Rush is likely to receive record damages after the court found the Tele defamed him in its now-infamous “King Leer” front page story about inappropriate behaviour to a castmate during a production of King Lear. In finding Rush had been defamed, the court took the evidence of Rush, his director and friend Neil Armfield, Robyn Nevin and Helen Buday over that of the castmate, Eryn Jean Norvill, 34, and the one other actor who gave evidence for the Tele Mark Winter.
Norvill didn’t participate in the Tele’s story and had not wanted her complaint made public, but gave evidence during the trial and sat just metres away from Rush in the courtroom in Sydney’s legal district yesterday, wearing a purple shirt and purple ribbon on her blazer — the colour of International Women’s Day.
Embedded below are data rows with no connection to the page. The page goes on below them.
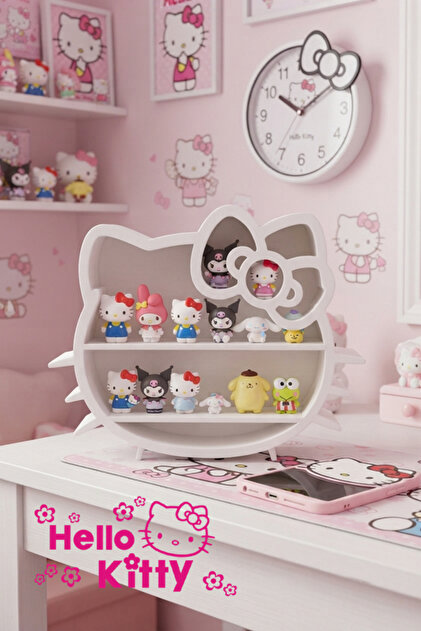 Küp Atölye Hello Kitty Masaüstü Raf Organizer - Fiyatı, Yorumları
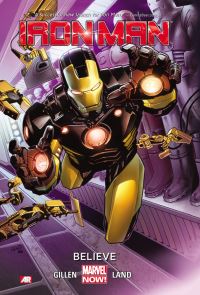 Book Cover for Believe by Kieron Gillen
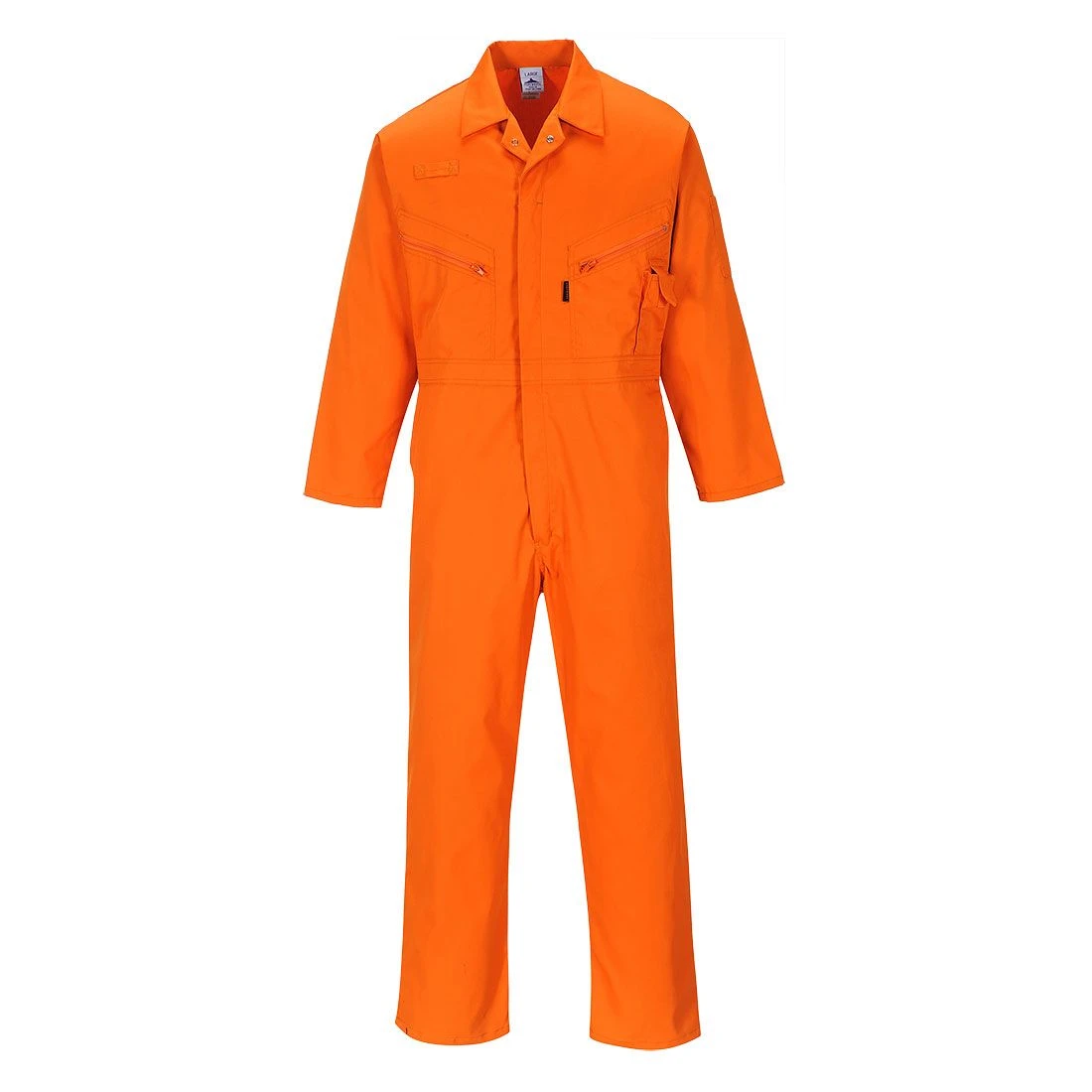 Portwest Liverpool Zip Coverall 5 Portwest Liverpool Zip Coverall - Image 3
Journalists typing furiously glanced up at her as Justice Michael Wigney dismissed her evidence, saying she was prone to exaggeration and there were too many inconsistencies between her evidence and her behaviour at the time of the alleged inappropriate behaviour. Behind Rush were supporters and onlookers — mostly of his generation — including Nevin.
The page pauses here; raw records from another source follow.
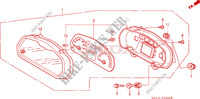 METER (XL125V1/2/3/4/5/6) dla Honda 125 VARADERO série limité 2002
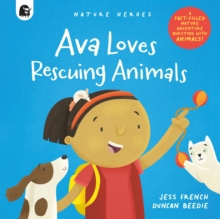 Image for Ava loves rescuing animals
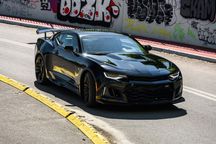 Wynajem wypożyczalnia Chevrolet Camaro V6 3.6L ZL1 BODY KIT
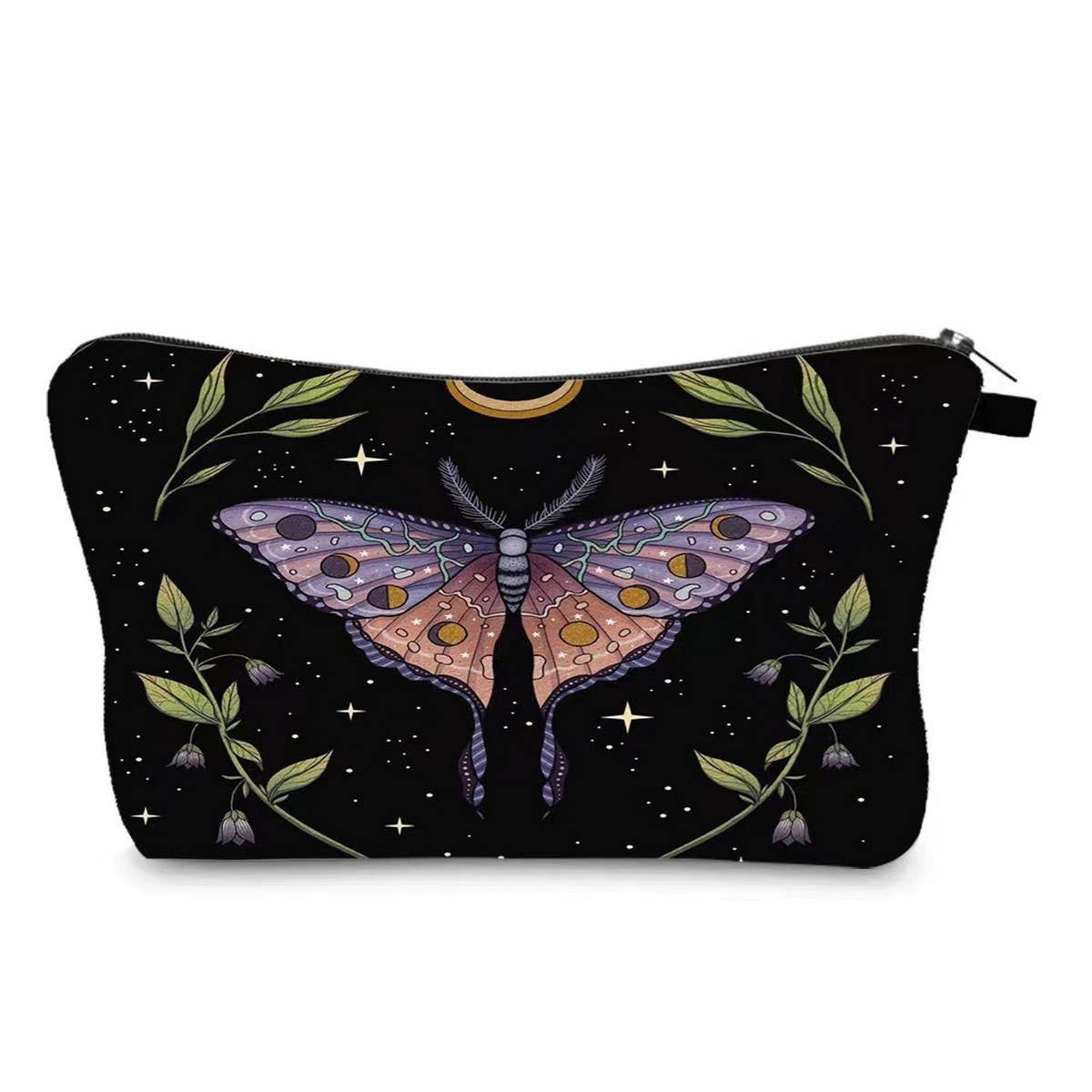 NEW PAINTED COSMETIC BAG_CWAB2266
In weighing up Norvill’s evidence, Wigney said he couldn’t accept it given that she had given interviews at the time of the production praising Rush, and because she had shown signs of friendship towards him — things Norvill attributed at trial to the power imbalance between herself and Rush. He also said he found “on the balance of probabilities” that the inappropriate touching she claimed never happened, believing the evidence of Armfield and the other, senior castmates.
Wigney said his role was only to apply the law of defamation. “It is not for the court to provide some broader social commentary about sexual harassment in the theatre or entertainment industry in Australia, or the Me Too movement, or the effect that Australia’s defamation laws may have in relation to that movement,” he said.
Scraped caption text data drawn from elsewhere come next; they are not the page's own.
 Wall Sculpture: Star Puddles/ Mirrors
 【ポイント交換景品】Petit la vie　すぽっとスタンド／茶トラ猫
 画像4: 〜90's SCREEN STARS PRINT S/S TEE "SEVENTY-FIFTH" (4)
Outside court, Norvill said she stood by her evidence at trial (“I was there”) and called for change in her industry. “We need to make genuine cultural change in our professions and industries,” she said. “We can do it, but only if we acknowledge and confront with honesty the problems and complexities of power imbalances in our workplaces. It has to be possible for a young woman working in theatre, who feels unsafe in her workplace to get that situation fixed.”
She also thanked actor Yael Stone, who told the ABC and The New York Times that Rush had acted inappropriately toward her when they were acting together in the Belvoir St’s Diary of a Madman. Stone said she’d felt unable to speak up at the time because of the power imbalance between herself as an emerging actor, and the very well known Rush.
The generational divide between supporters for Rush and Norvill was clear. As Norvill was speaking outside court, a woman of Rush’s generation stopped to ask what the media pack was about. When told Rush won, she emphatically said, “Good”, and stalked off. Shortly afterwards on social media, a different demographic got a Twitter hashtag trending in support of Norvill — #IstandwithEJ.
While Wigney was critical of Norvill, he acknowledged she hadn’t chosen to be involved in the Tele’s story, and he saved his harshest words for the Sydney tabloid. He said it was a “sad and unfortunate case” that would have been better dealt with in a different way to a defamation proceeding. In finding that Rush was entitled to aggravated damages ($850,000), he said the articles were published in an “extravagant, excessive and sensationalist manner”, without regard to the truth of falsity of the imputations they published. “This was, in all the circumstances, a recklessly irresponsible piece of sensationalist journalist of the worst kind,” he said.
The messy trial is over — both Rush and Norvill said outside court that there were no winners — but the implications will flow on as lawyers return to court next month to argue what is likely to be millions of dollars of compensation for economic loss, in addition to the aggravated damages already awarded.